31. DISPUTE RESOLUTION

(A) Buyer and Supplier will act in good faith and use all reasonable endeavours to resolve any disputes or claims that may arise in connection with the Purchase Order between themselves through their respective managers.

(B) In the event that the representatives of Buyer and Supplier fail to resolve any dispute within 10 Business Days of either Buyer or Supplier serving a notice in writing to the other that a matter is in dispute (a "Dispute Notice"), the matter shall be escalated within a further 5 Business Days to the relevant director of Buyer and of Supplier or anyone directly delegated by those individuals to resolve matters.

(C) If the negotiations referred to in clause 31(B) above should fail to resolve the dispute within 28 days of service of the Dispute Notice, then either Buyer or Supplier may seek legal redress through the non-exclusive jurisdiction of the courts of New South Wales.

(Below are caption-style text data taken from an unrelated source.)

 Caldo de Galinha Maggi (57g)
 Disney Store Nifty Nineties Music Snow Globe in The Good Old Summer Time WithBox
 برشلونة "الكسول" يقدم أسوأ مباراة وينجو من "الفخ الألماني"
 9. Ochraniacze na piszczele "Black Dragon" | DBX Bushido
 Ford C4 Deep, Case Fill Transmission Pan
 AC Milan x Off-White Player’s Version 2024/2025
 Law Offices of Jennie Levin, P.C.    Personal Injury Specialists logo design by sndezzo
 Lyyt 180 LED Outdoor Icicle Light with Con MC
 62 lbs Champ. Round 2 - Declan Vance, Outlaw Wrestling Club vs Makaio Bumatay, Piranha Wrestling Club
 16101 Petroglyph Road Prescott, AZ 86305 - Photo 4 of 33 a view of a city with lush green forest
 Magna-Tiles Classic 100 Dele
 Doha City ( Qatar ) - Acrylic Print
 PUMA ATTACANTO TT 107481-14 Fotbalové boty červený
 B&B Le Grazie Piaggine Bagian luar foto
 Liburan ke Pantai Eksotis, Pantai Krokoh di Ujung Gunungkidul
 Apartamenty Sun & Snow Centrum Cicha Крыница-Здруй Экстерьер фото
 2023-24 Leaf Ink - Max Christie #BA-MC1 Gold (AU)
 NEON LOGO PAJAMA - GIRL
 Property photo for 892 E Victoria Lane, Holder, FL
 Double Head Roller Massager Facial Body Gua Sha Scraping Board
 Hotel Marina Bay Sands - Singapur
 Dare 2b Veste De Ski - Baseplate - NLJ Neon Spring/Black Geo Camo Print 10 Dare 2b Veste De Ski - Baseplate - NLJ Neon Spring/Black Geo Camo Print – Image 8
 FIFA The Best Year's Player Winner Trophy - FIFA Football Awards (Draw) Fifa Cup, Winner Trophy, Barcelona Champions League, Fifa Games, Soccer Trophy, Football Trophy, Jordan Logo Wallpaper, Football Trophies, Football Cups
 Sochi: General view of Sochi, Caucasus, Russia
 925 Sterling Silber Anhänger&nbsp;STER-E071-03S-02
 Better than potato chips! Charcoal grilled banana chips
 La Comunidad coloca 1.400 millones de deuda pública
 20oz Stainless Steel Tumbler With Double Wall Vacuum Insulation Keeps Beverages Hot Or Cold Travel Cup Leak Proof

Neither Buyer nor Supplier shall be prevented, by any of these terms and conditions, from applying at any time to the courts of New South Wales or other appropriate courts for such interim or conservatory measures (including but not limited to injunctive relief or measures relating to the preservation of property) as may be considered appropriate.

(D) In the event of Buyer and Supplier entering into the dispute resolution procedure then, unless Buyer or Supplier agree otherwise in writing, in no circumstances should the provision of the Goods and Services be interrupted or delayed by the dispute.

(E) The laws of New South Wales shall apply to the Purchase Order (including these terms and conditions).